# Brake cam and handle for Clausing 8520, 8525, 8530, 8535 mills



## Terrywerm (Oct 13, 2014)

Some time back I promised member 34_40 that I would make him a brake cam for his Clausing 8520 mill, as his is missing. A piece of 5/8" W-1 stock is in the Keller at this very moment, cutting off a piece from which I can make the brake cam. I promised him that when I got around to making the new cam that I would include pictures and a short thread on making the part. 

It is a very simple and straight forward part, but would be a good project for a budding machinist. For the benefit of others, I have included a drawing of the part including all dimensions should anyone ever feel the need to make one of their own.

View attachment CLAUSING 8520 BRAKE CAM.pdf



ON EDIT:  I found a mistake on the drawing. I have the overall length of the brake handle listed as 4" but it should only be 3".  Must have been using one of those upside down rulers again!


----------



## 34_40 (Oct 13, 2014)

I saved the print "just in case"! )

Thanks so much!


----------



## wa5cab (Oct 13, 2014)

Terry,

Suggest uploading the PDF to Clausing/Lathes.  It looks like that function is working.  I don't recall whether that folder is moderated or not and can't at the moment check.  If it is, I'll release it as soon as Nelson has time to get those functions back.


----------



## Terrywerm (Oct 13, 2014)

Thanks Robert, good idea. I posted a document there yesterday about the bearings for the Clausing 8520 mills and had no problem.


----------



## JPigg55 (Oct 14, 2014)

Terry,
If it's not too much trouble, could you post pictures of the working end of the brake ?
Mine has the brake handle intact, but doesn't seem to do anything. Not sure if it's badly worn or missing something.


----------



## Terrywerm (Oct 15, 2014)

JPigg55 said:


> Terry,
> If it's not too much trouble, could you post pictures of the working end of the brake ?
> Mine has the brake handle intact, but doesn't seem to do anything. Not sure if it's badly worn or missing something.



Here is the photo and a description of how it works, although it is rather self explanatory. Please pardon the fact that I have not yet cleaned and repainted this machine. Yup, she's a bit of a dirty girl!!:yeahbaby:




The brake plate as it is called in the parts list, is a split ring that sits under the upper spindle pulley. The plate has two tabs attached to it, and they straddle the brake cam. When you pull or push on the brake handle, the brake plate is pushed out against the pulley, stopping the spindle. Keep in mind that the pulley is made of aluminum, and it will soon wear away if the steel brake plate is used when the spindle is rotating. For that reason, I would avoid using the brake to stop the spindle, it usually stops pretty quickly on its own. I use mine only to hold the spindle when I need to do so.
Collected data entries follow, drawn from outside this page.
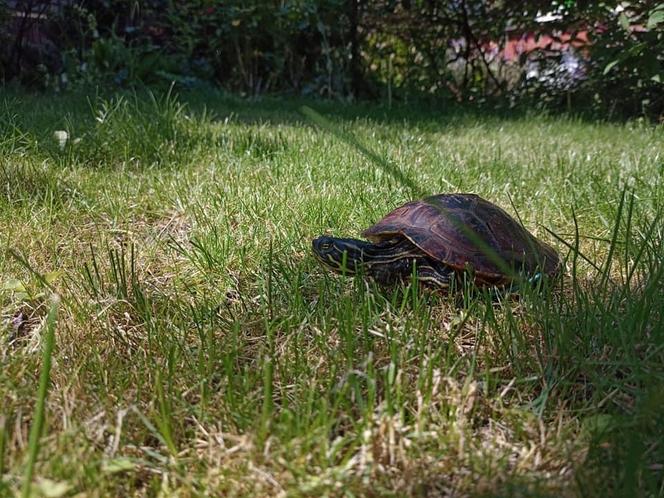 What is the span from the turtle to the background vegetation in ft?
16.6

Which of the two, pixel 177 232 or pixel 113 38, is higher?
pixel 113 38

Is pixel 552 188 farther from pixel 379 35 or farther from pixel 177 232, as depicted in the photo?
pixel 379 35

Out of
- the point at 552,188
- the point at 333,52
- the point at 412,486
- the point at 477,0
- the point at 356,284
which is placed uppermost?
the point at 477,0

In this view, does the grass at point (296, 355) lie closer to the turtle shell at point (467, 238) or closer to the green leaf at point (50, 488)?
the green leaf at point (50, 488)

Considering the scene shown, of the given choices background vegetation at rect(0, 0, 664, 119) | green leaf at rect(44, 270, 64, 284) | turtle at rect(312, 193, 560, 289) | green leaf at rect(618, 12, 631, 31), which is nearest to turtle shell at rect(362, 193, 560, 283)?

The brake cam itself is retained by a setscrew that engages a groove in the cam. There are two setscrews in there, with one locking the other in place. Obviously, the first screw only engages the groove, and does not get tightened against the cam. Without the second setscrew, the first one would eventually rattle out due to vibration.


----------



## Terrywerm (Oct 15, 2014)

I also made the new brake cam for 34_40's machine. The cam is made, but I still need to make the handle for it. Needed a chunk of 5/16" rod and didn't have any, so I need to pick some up before I head for work today.

Started with a piece of 5/8" stock, cut to about 1.75"   Put it in the lathe, faced off one end, then flipped  it over and faced it to length. Next step was to cut the taper on the one end.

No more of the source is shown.